31st Jul 2014 07:33
LONDON (Alliance News) - Aircraft and marine engine maker Rolls-Royce Holdings PLC Thursday reported lower profit for the first half of the year as it had predicted, blaming lower defence spending and weaker trading in marine, and said its recovery would take time as it invested in revamping its plants and delivering its order book.
The company saw its shares fall sharply in mid-February after it surprised markets by warning that it expected a pause in overall profit and revenue growth in 2014 due to falling revenue in its defence businesses and lower marine unit revenue.
Its prediction is proving correct. Its profit before tax and financing fell GBP491 million for the six months to June 30, from GBP848 million a year earlier, as revenue dropped to GBP6.63 billion, from GBP7.35 billion. It actually swung to a net profit for the period of GBP544 million, from a loss of GBP385 million a year earlier, but this was almost completely down to a GBP1.4 billion increase in the mark-to-market value of derivative contracts it holds.
Chief Executive John Rishton said the company is maintaining its reduced guidance, even though it is expecting an improved profit in the second half of the year driven by cost cutting and higher revenue.

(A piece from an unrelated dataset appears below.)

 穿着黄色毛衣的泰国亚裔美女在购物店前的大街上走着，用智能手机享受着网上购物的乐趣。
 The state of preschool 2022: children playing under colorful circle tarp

He cautioned investors that the company has short-term challenges, but reminded them that Rolls-Royce ""is a long term business".
"The prospects for long-term growth remain outstanding across the group and in particular in
civil large engines where our market share of engines on order is over 50%. However, we will
experience growing pains. For example, we are investing in new capacity ahead of delivering
our order book and restructuring existing facilities to improve efficiency,? Rishton said in the earnings statement.

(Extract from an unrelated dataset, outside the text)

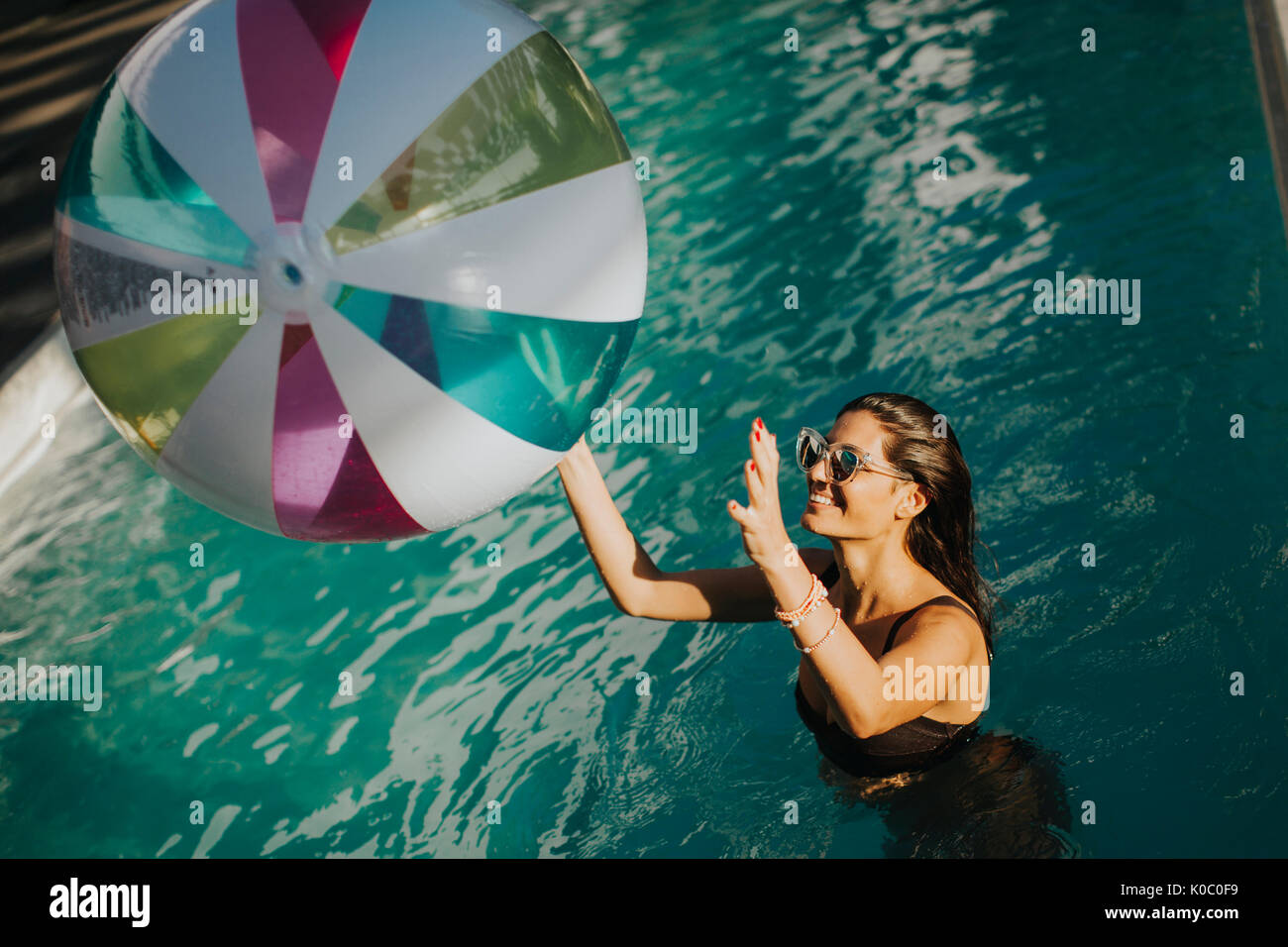 Young womans playing with a ball in the swimming pool at sunny day ...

Rolls-Royce, like peers in the defence sector, has been hit hard by a slowdown in defence spending, particularly in the UK and US. Defence budgets have come under pressure as governments tightened purse strings in the wake of the financial crisis and massive bank bailouts. and as recent conflict zones like Iraq and Afghanistan were wound down.
Rolls-Royce had managed to offset this with the work it gets from the commercial aerospace market, where it competes mainly with General Electric Co to fit engines to planes made by Airbus and Boeing Co and then to win contracts to service and maintain those engines.
However, it recently lost two commercial engine contracts, although it won several more deals at the recent Farnborough Air Show. In early June, Emirates airline decided to cancel an order for 70 Airbus A350 aircraft, which had been due to be fitted with Rolls-Royce Trent XWB engines. That wiped about 3.5%, or GBP2.6 billion, off the Rolls-Royce order book. Earlier this week, Airbus terminated an order for six A380 aircraft from Skymark airlines of Japan, a move that hit the Rolls-Royce order book by another GBP351 million.
Overall, Rolls-Royce said its order book stood at GBP70.44 billion at the end of the first half, down 2% from GBP71.61 billion a year earlier. Order intake in the first half was GBP6.5 billion. Critically, it said its defence order book had grown for the first time since 2010, while its marine order book grew for the first time since 2012, boding well for the future.
The company said it was concentrating on driving down costs. "We have 600 engineers
working to reduce cost, with 400 focused on original equipment and 200 on aftermarket. This is
yielding benefits," it said.
Rolls-Royce shares were down 1.8% at 1,035.66 pence early Thursday, one of the biggest declines on the FTSE 100.